Alas, The English Teacher isn’t interested in probing such themes. Instead, it’s a flimsy backstage farce about the problems that mount after Linda persuades her school’s dubious principal (Tony Award winner Norbert Leo Butz) to mount the show, which has the Kafkaesque title of The Chrysalis, despite its mature content.
This plot line is common enough to be predictable: The show will have a vainglorious director (the inevitably cast Nathan Lane), who gets swept up in his own lofty rhetoric. There will be potentially disastrous hanky-panky among the creative personnel. The playwright will throw a tantrum and storm off the set before opening night. The show will go on anyway in front of a packed house.
Predictability isn’t always a bad thing, but to overcome a sense of familiarity, a film has to hit its marks with precision and The English Teacher isn’t especially agile. Director Craig Zisk, a sitcom veteran, doesn’t do anything interesting visually and leans heavily on a cloying musical score to push the action along. His one stylistic gimmick, which is to have Linda’s mental notes about her various bad dates (including a righteously mustachioed John Hodgman), appear onscreen as red-inked text, is more cute than inspired.
The bigger problem is that the husband-and-wife writing team of Dan and Stacey Chariton can’t decide whether they want to flatter or talk down to their audience. The script is littered with upper-middlebrow allusions to the likes of Charles Dickens and Stephen Sondheim, but the storytelling is completely remedial, starting with the faux-literary voice-over that fills in the details of the protagonist’s spinsterhood. It doesn’t help that the Charitons are evasive when it comes to their depiction of Jason’s magnum opus, which is seen only in small chunks and seems laughably pretentious.
Moore, one of the great face-scrunchers of contemporary cinema, is right in her wheelhouse playing a character at the mercy of conflicting, overwhelming impulses. Linda wants to do right by Jason’s artistry while also sorting out her attraction to the author, who responds by developing a crush on the underage actress (Lily Collins) cast as his distaff onstage surrogate. Compared with her bravura work impersonating Sarah Palin in Game Change, Moore’s work in The English Teacher might seem like a minor accomplishment, but she is still the movie’s saving grace.

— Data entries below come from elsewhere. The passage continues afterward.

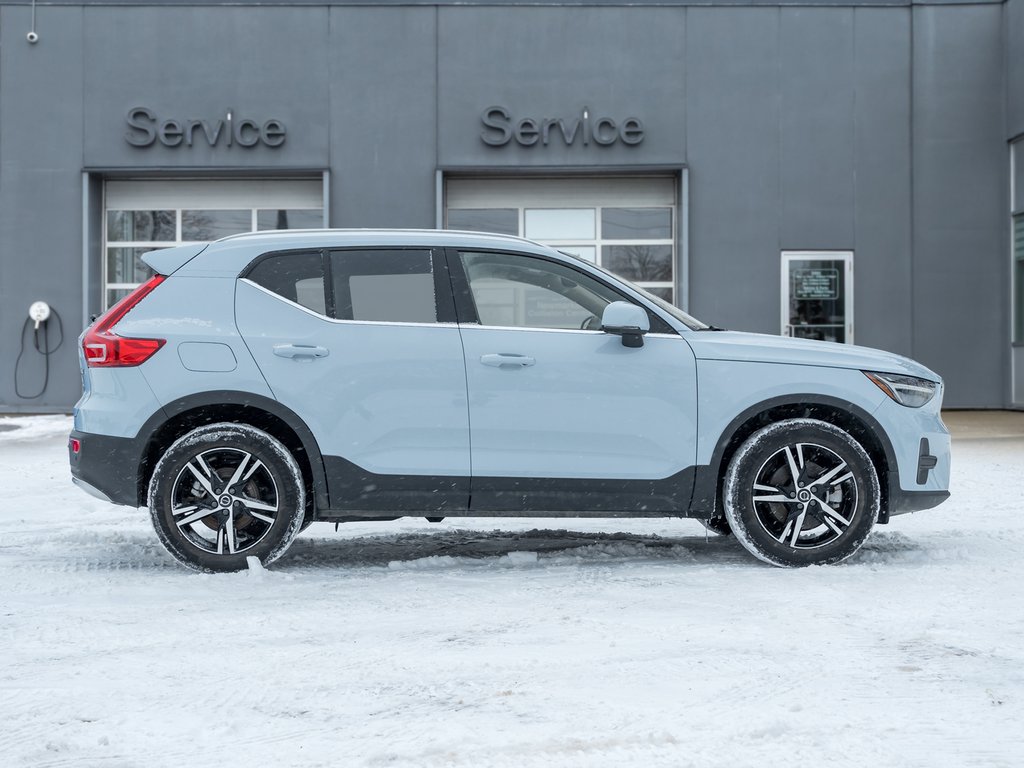 2025 Volvo XC40 B5 AWD Core Bright Theme  CPO FIN RATE 3.49%*-4%*-4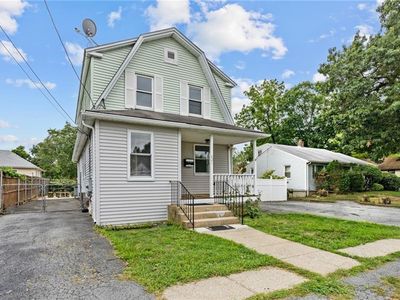 421 Elm St, Warwick, RI, 02888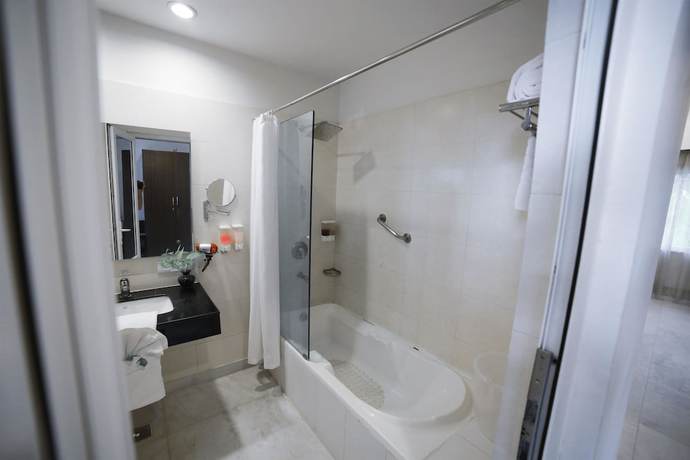 Imagen de la habitación del Hotel Best Western Resort Country Club. Foto 10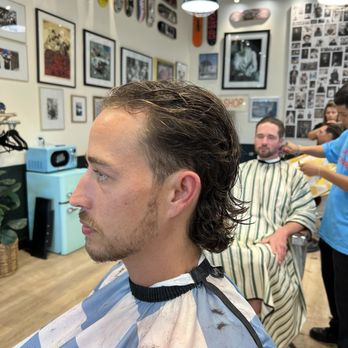 Leucadia Barber Shop - Haircut by Junior. - Barbers Near Me - Encinitas, California Leucadia Barber Shop - Haircut by Junior. - Barbers Near Me - Encinitas, California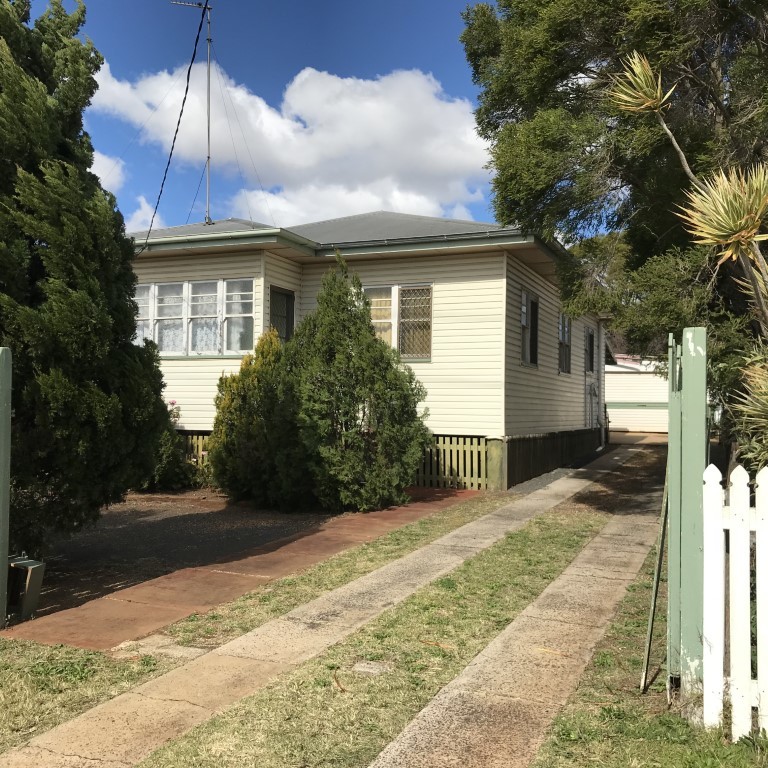 10 Weetwood St, Newtown, QLD 4350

Angarano, who played a striving writer in Gentlemen Broncos, never quite gets a bead on his character, while Greg Kinnear just coasts in the thankless role of Jason’s father, who becomes a more age-appropriate suitor for Linda’s affections. The actor looks as though he would rather be somewhere else, and by the time The English Teacher limps to the credits, it’s hard to begrudge him too much.